Single cell sequencing solves this by reading the receptor sequence and the full gene expression profile from the same cell. This means researchers can identify the exact pairing of receptor chains (the alpha and beta chains of a TCR, or the heavy and light chains of a BCR), which is critical for understanding what a given immune cell actually recognizes. They can then correlate that receptor identity with the cell’s functional state: Is it activated? Exhausted? Proliferating?
This capability has become a powerful tool for studying immune responses to infections, vaccines, autoimmune diseases, and cancer. Metrics like clonotype diversity, which measure how many distinct receptor sequences are present and how evenly they’re distributed, help quantify the breadth and intensity of an immune response at a level of detail that was previously inaccessible.
Current Limitations
Single cell genomics is powerful, but it comes with real constraints. The dropout problem remains significant: because each cell provides so little starting material, many genes that are genuinely active go undetected, creating datasets full of zeros that require careful statistical handling. Standard tools designed for bulk data tend to produce false positives when applied naively to this sparse data.
Cost and throughput are improving rapidly but still limit some applications. Processing tens of thousands of cells is routine now, but profiling every cell in a whole organ remains impractical for most labs. The tissue dissociation step can also introduce bias, since some cell types survive the process better than others, meaning the cells you sequence may not perfectly represent the cells that were in the tissue.

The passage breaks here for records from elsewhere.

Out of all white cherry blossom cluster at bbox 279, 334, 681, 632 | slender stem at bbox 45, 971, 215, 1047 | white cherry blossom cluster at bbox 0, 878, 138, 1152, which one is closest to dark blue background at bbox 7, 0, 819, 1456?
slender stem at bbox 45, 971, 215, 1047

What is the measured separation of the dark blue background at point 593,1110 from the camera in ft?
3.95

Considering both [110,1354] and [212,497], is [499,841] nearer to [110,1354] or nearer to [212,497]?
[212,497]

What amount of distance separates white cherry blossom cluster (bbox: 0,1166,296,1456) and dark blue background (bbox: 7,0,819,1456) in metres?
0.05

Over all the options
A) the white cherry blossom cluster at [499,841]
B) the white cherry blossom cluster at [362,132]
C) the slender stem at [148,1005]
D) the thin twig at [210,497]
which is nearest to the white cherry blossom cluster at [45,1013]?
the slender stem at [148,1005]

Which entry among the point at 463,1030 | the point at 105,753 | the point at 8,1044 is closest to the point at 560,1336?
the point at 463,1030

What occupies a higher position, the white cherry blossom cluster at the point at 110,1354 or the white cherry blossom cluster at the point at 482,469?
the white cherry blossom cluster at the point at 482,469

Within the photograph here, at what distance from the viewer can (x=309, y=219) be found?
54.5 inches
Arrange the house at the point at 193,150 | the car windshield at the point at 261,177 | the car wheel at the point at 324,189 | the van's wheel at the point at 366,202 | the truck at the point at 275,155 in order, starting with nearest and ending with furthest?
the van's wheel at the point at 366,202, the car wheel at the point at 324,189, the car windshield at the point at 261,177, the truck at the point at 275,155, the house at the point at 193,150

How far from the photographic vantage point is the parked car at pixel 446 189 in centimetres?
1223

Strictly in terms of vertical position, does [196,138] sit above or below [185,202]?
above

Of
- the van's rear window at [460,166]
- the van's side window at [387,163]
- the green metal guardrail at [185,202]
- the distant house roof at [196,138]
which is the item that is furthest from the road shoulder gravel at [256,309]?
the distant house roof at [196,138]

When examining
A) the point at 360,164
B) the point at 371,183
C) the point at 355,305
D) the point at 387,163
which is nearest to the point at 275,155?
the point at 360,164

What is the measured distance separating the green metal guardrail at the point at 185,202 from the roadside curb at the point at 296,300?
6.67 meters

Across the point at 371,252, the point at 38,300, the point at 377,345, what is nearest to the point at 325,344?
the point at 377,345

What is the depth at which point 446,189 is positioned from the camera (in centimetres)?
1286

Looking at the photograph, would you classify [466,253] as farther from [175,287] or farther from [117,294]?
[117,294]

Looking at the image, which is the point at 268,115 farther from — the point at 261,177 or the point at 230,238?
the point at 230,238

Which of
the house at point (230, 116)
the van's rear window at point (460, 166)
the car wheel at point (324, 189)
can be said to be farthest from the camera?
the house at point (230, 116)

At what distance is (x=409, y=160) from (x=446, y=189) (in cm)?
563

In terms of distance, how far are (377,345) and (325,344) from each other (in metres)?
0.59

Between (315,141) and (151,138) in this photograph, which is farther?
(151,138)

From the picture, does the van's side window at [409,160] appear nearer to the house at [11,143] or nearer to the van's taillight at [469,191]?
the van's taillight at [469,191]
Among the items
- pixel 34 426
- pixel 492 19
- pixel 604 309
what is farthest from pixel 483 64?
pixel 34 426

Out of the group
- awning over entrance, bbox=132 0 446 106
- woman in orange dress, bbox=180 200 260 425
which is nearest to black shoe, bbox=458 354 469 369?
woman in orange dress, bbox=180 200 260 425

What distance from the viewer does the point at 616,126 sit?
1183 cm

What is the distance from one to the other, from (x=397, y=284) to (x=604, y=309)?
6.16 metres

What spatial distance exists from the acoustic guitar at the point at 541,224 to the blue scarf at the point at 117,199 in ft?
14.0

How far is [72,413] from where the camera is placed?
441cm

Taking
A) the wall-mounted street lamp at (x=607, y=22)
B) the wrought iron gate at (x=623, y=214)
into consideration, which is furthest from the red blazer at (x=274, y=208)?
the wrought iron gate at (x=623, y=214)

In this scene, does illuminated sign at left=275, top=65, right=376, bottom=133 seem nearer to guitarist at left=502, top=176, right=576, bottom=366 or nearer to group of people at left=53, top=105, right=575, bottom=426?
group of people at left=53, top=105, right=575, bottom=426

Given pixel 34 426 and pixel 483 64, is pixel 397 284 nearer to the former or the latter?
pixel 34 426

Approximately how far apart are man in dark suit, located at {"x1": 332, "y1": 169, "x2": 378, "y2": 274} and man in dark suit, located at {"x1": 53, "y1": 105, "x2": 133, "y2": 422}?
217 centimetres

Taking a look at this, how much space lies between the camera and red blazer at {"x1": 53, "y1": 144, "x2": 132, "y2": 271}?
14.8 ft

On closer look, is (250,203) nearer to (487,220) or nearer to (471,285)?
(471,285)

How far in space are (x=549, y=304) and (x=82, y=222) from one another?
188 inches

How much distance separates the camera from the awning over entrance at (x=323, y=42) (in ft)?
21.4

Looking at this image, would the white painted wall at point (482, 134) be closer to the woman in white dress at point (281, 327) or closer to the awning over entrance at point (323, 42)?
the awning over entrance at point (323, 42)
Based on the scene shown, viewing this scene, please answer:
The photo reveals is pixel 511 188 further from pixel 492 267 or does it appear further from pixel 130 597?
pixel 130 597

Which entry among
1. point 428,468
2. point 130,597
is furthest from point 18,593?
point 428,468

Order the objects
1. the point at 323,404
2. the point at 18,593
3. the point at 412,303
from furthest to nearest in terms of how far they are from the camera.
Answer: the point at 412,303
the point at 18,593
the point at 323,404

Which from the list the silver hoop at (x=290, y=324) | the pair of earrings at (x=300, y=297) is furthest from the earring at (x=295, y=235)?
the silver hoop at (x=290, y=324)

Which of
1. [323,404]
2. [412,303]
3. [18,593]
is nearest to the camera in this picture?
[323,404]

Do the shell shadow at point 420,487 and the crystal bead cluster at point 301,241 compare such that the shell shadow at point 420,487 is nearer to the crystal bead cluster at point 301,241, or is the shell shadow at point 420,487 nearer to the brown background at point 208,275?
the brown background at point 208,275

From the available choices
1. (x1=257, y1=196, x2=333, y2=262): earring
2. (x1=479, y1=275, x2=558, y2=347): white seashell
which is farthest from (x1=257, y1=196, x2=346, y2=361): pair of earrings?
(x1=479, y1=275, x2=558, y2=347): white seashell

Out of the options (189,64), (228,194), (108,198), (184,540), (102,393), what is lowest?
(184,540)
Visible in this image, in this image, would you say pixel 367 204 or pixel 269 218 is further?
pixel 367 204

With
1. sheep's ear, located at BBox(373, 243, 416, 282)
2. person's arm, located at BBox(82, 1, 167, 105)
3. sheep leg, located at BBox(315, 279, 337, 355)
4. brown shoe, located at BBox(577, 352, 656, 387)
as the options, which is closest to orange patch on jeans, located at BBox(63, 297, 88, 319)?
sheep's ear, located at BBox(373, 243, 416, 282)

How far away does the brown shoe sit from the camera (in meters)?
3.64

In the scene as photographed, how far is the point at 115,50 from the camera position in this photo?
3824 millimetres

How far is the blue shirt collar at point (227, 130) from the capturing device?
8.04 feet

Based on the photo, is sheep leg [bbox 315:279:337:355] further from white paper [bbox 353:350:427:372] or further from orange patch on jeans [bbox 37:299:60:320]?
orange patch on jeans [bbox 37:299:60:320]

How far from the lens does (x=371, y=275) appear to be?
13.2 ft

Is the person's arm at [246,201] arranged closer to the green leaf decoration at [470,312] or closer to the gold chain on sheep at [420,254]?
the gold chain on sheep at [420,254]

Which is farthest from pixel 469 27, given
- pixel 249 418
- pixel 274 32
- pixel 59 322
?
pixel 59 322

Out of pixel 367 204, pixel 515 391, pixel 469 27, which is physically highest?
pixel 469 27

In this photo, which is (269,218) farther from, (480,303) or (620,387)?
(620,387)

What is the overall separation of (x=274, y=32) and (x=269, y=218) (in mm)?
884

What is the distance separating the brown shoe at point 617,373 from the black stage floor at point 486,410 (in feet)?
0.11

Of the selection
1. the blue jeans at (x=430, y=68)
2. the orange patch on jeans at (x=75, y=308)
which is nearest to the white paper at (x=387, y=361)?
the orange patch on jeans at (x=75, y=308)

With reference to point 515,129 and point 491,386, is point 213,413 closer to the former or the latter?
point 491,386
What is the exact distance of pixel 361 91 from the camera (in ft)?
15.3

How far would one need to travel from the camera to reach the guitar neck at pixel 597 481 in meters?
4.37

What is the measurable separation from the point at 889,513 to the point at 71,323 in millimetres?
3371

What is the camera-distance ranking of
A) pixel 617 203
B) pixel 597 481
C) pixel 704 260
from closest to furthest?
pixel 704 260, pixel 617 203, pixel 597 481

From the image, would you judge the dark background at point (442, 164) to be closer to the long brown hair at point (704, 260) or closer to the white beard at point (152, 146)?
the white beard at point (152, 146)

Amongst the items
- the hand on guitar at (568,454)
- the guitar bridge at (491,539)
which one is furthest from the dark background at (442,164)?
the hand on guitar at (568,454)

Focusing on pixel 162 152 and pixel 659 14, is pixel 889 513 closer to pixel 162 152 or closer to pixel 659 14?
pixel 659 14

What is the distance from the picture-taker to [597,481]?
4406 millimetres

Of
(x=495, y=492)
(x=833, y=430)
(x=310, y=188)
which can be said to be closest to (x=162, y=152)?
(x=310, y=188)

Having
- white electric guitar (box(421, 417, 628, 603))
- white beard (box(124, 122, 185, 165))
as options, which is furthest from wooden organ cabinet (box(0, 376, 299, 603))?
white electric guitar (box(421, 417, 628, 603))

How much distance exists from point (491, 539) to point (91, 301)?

Finally, single cell sequencing captures a snapshot in time. It tells you what a cell looks like at the moment it was isolated, not how it got there or where it’s going. Computational trajectory analysis can infer developmental paths, but these are predictions based on patterns across many cells, not direct observations of a single cell changing over time. Newer lineage tracing methods that introduce heritable genetic barcodes into living cells are beginning to address this gap, letting researchers track actual cell histories rather than inferring them.